Data Are Forever

June 7, 2018

By Joe Stanganelli

June 7, 2018 | For attendees at this year's Bio-IT World Conference & Expo, perhaps the biggest focal point was the near-permanence of data—particularly juxtaposed against the limited contemporaneous uses for any given dataset in healthcare and life-science IT. Genomics, medical imaging, and other healthcare and life-science data comprise some of the biggest of the Big Data in the world. Compounding the problem is that, as a matter of course, clinicians have to go back several years (if not decades) to find experiments and other records. And yet, for every decades-old dataset so accessed, many more are recorded and left to gather digital dust "just in case".

"Science still has the data-hoarding problem because so much of a scientist's career progression [depends] on their publication history," observed Chris Dagdigian, BioTeam Co-Founder and Senior Director of Infrastructure, while speaking on this year's BioTeam panel at the conference. (See Bio-IT World's coverage here.)

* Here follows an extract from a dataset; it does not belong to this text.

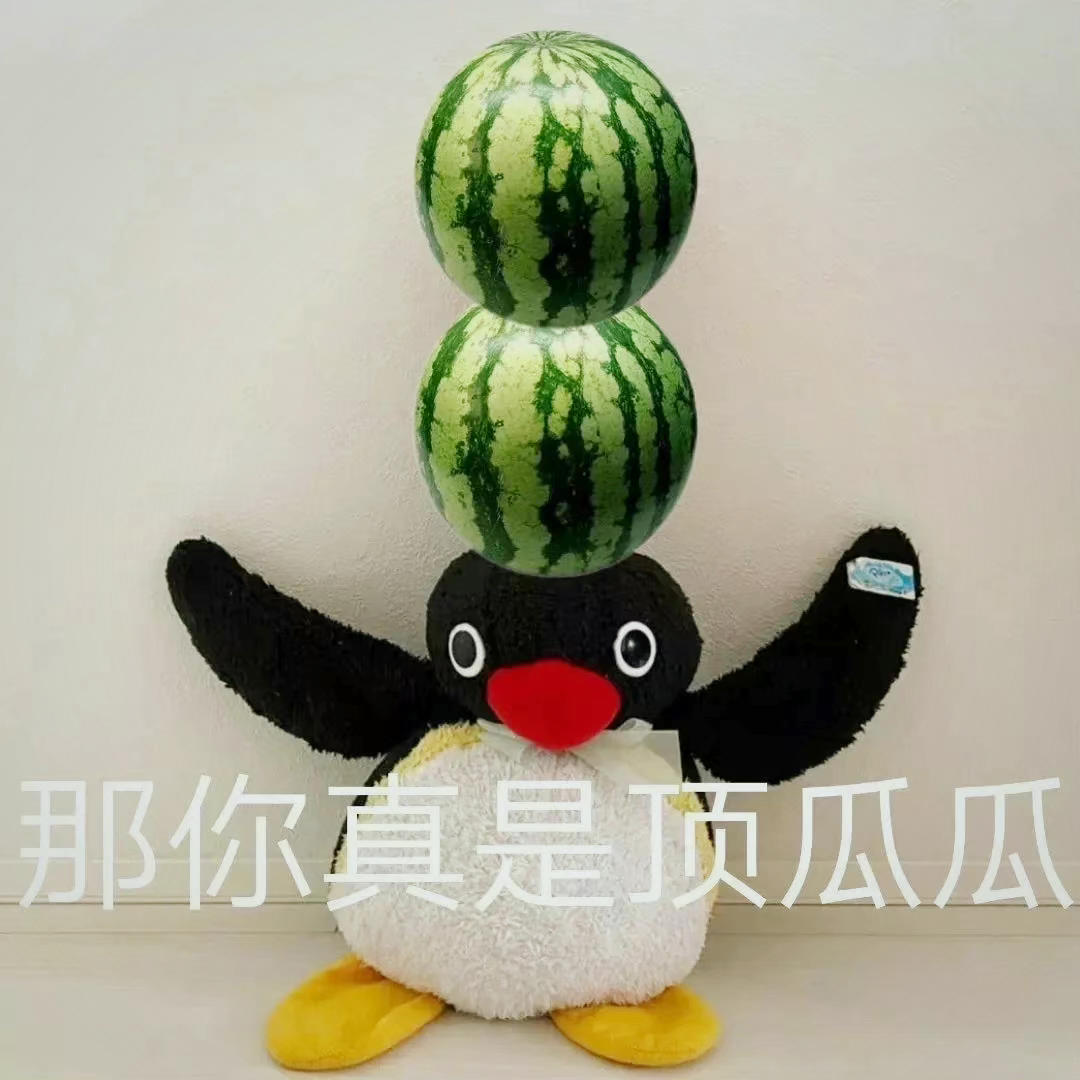 小浣熊的七七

"Data is forever," Linda Zhou, Director of Research and Life Sciences Solutions for conference exhibitor Western Digital, told Bio-IT World in summation—before following with a limitation: "When you give me a file, I don't assume the drive is going to be there forever… We don't hardcode data."

Plan Ahead for Migration

Consequently, Zhou explained, the best solutions lend themselves well to data migration across lifecycles. In particular, Zhou advocated for object storage for the kinds of large, unstructured datasets common to the bio-IT field—because so many parts make up the whole. Meanwhile, other exhibitors and speakers were bullish on containerization, largely because of the ease with which containers—and their data—may be migrated; additionally, they allow researchers and data scientists enough sandbox room to play without amassing too much technical debt.

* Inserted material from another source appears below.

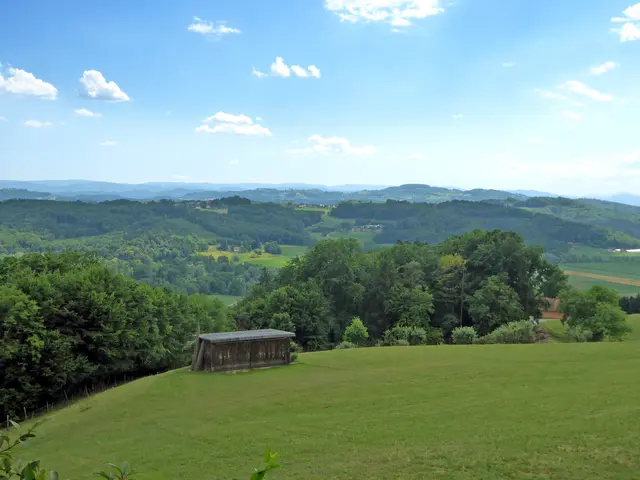 Blick vom Anstieg auf den Bockberg zum Sausal.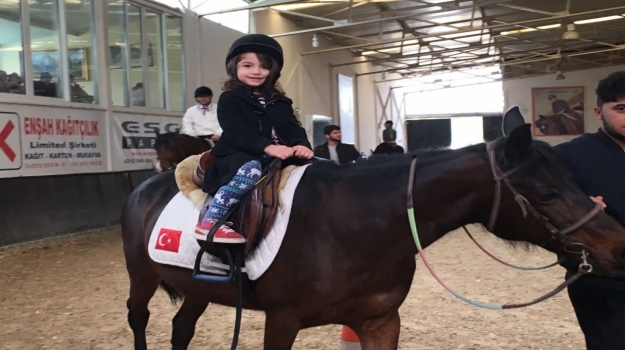 Mimaroba Okyanus Okul Öncesi Yunuslar Ve Çiçekler Grubu At Çiftliğinde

"You can't just keep buying storage—because individuals may think it's infrastructure," Stewart Sherpa, an inside sales representative for DataFrameworks (another conference exhibitor), told Bio-IT World. "But it's not."

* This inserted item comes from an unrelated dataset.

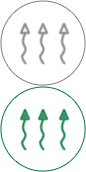 zoty中欧永久性吸湿排汗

Indeed, organizations have run into trouble before by over-relying on expensively bespoke storage architectures that obsolesce and/or cloud vendors with prohibitive lock-in terms.

"The sheer amount of data that you are uploading to another provider cannot be moved overnight," Lance Smith, Associate Director of IT at Celgene, warned attendees in a breakout session he presented. "On a day-to-day basis, you're just not going to be moving clouds…and if you get the cloud wrong, you will get a bill that is insane."

For instance, life-sciences IT consultant Chris Dwan recently related to Bio-IT World a woeful anecdote of a client firm that had gone all in on cloud storage—but had so bungled its subscription finances that it wound up paying its entire budget every month just to keep the cloud provider from deleting the company's data.

Information vs. Boxes

Dwan and others told Bio-IT World that this Hobson's-choice scenario came to be because the company's IT department was uninvolved in the purchasing decision—reflecting some of the potential dangers of letting researchers and bioinformaticians take the DIY approach to IT.

"The data-science group should really focus on the information, and not so much [on] the hardware," said panelist Jerald Schindler, Vice President of Biostatistics at Alkermes, at the conference's day-two plenary keynote session on defining data science. "It's about the information. And so what you want are people who are focused on the information—not the box that it's in."

Not everyone at the conference, however, necessarily took the black-and-white view that data scientists must do only data science and IT must do only IT. Sherpa, for his part, explained that the one impacts the other—and that the people who put things into boxes effectively become subject-matter experts on the boxes that they need.

"I think people are asking IT to make these decisions—but they [in IT] are not the ones generating [the data]," said Sherpa of cloud- and other storage-buying processes.

Empowering Data Users

Indeed, Sherpa's remarks reflect the long-running trend in the bio-IT market that vendors have picked up on—that scientists demand technological empowerment without having to run to IT for every little thing. Moreover, Dwan offered the above client story as an example of how important it is for central IT to appropriately educate and empower the scientist-users in its organization—a philosophy echoed on this year's BioTeam panel that Dwan himself moderated.

"I think there's a big revolution coming in terms of self-service," said BioTeam-panel panelist Tanya Cashorali, CEO and Co-Founder of TCB Analytics. "It's going to be like email. Everyone had to start learning how to use email. There [are] a lot of tools coming out for the…non-coders."

"I think, for me, the biggest resource gap is [that] we're not applying enough human power to managing our data [or] curating our data to help whip it into shape," added Dagdigian. "It's cheaper to buy storage to keep storing crap forever."